Records from a data source
- - -
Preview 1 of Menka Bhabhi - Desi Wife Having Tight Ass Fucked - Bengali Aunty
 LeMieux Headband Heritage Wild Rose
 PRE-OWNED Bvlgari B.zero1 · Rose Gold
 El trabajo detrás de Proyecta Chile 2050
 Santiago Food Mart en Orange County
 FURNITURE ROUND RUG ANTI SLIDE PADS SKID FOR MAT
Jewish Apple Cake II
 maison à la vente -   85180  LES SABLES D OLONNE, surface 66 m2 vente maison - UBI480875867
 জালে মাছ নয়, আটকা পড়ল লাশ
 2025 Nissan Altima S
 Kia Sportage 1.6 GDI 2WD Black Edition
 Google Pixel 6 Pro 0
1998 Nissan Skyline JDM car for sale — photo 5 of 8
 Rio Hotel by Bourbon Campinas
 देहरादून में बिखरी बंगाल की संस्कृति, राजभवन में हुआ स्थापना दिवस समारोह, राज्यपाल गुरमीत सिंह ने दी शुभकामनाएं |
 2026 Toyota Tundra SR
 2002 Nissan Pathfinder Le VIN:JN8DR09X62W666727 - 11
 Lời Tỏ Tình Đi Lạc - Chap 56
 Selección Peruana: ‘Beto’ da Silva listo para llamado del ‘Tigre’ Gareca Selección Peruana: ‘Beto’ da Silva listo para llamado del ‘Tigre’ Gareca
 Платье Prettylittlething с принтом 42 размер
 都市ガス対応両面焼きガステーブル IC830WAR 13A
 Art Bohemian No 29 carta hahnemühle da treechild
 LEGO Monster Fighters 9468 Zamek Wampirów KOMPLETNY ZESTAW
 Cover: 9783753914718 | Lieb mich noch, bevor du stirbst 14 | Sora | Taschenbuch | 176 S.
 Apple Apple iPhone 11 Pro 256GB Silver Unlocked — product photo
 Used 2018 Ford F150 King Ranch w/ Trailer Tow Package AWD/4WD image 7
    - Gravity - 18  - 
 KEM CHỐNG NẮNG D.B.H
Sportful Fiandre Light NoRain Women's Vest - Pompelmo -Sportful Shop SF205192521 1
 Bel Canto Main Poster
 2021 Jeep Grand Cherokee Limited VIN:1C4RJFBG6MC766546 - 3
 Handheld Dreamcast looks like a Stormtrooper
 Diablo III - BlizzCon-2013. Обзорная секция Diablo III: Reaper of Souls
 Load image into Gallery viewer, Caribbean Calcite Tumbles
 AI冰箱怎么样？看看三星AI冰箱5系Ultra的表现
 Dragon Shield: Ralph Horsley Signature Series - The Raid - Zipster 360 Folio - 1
- - -
**ASSIGNED TASK**.
Output nothing but the line containing "2025 Nissan Altima S" and each line after it in the entries above, exactly as written.

**ANSWER TO THIS PROBLEM**.
 2025 Nissan Altima S
 Kia Sportage 1.6 GDI 2WD Black Edition
 Google Pixel 6 Pro 0
1998 Nissan Skyline JDM car for sale — photo 5 of 8
 Rio Hotel by Bourbon Campinas
 देहरादून में बिखरी बंगाल की संस्कृति, राजभवन में हुआ स्थापना दिवस समारोह, राज्यपाल गुरमीत सिंह ने दी शुभकामनाएं |
 2026 Toyota Tundra SR
 2002 Nissan Pathfinder Le VIN:JN8DR09X62W666727 - 11
 Lời Tỏ Tình Đi Lạc - Chap 56
 Selección Peruana: ‘Beto’ da Silva listo para llamado del ‘Tigre’ Gareca Selección Peruana: ‘Beto’ da Silva listo para llamado del ‘Tigre’ Gareca
 Платье Prettylittlething с принтом 42 размер
 都市ガス対応両面焼きガステーブル IC830WAR 13A
 Art Bohemian No 29 carta hahnemühle da treechild
 LEGO Monster Fighters 9468 Zamek Wampirów KOMPLETNY ZESTAW
 Cover: 9783753914718 | Lieb mich noch, bevor du stirbst 14 | Sora | Taschenbuch | 176 S.
 Apple Apple iPhone 11 Pro 256GB Silver Unlocked — product photo
 Used 2018 Ford F150 King Ranch w/ Trailer Tow Package AWD/4WD image 7
    - Gravity - 18  - 
 KEM CHỐNG NẮNG D.B.H
Sportful Fiandre Light NoRain Women's Vest - Pompelmo -Sportful Shop SF205192521 1
 Bel Canto Main Poster
 2021 Jeep Grand Cherokee Limited VIN:1C4RJFBG6MC766546 - 3
 Handheld Dreamcast looks like a Stormtrooper
 Diablo III - BlizzCon-2013. Обзорная секция Diablo III: Reaper of Souls
 Load image into Gallery viewer, Caribbean Calcite Tumbles
 AI冰箱怎么样？看看三星AI冰箱5系Ultra的表现
 Dragon Shield: Ralph Horsley Signature Series - The Raid - Zipster 360 Folio - 1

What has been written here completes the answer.